What the task requires
The required output is the exact run of lines in the listing below from the line holding "イヤーマフラー イヤーマフ 耳あて | PlusNao | 詳細画像14" through the line holding "Video post by @redbullaustria on TikTok", with no pictures.

Exercise materials
....................

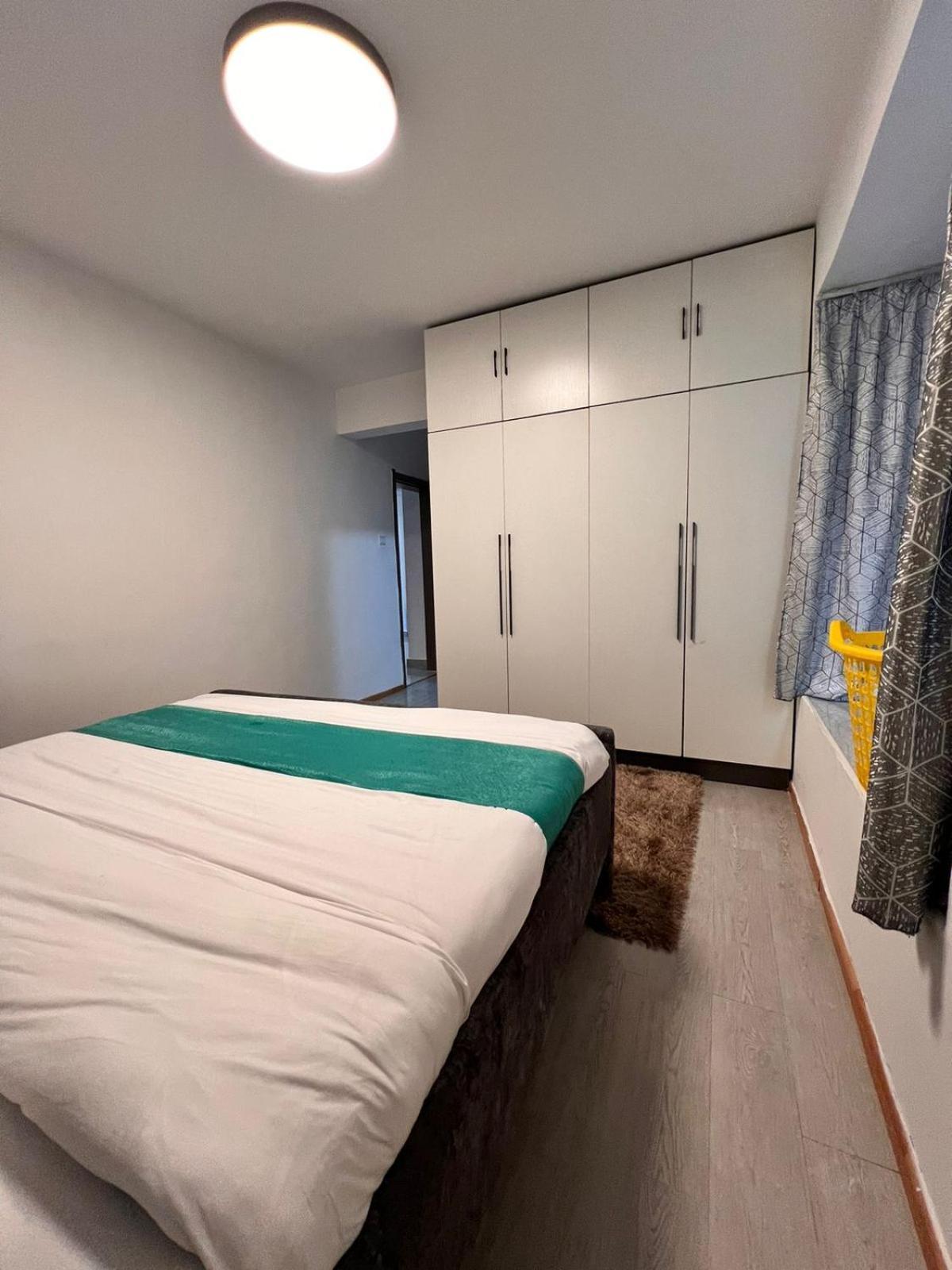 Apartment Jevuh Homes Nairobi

....................

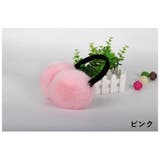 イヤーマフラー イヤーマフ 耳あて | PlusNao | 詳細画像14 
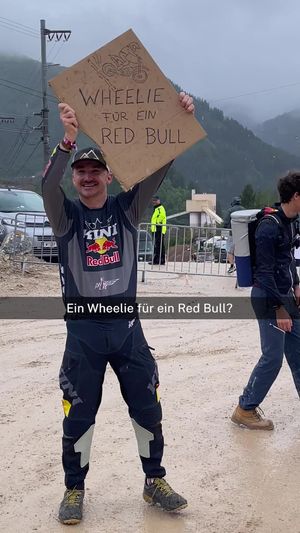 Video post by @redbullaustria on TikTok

....................

Result of this exercise
 イヤーマフラー イヤーマフ 耳あて | PlusNao | 詳細画像14 
 Video post by @redbullaustria on TikTok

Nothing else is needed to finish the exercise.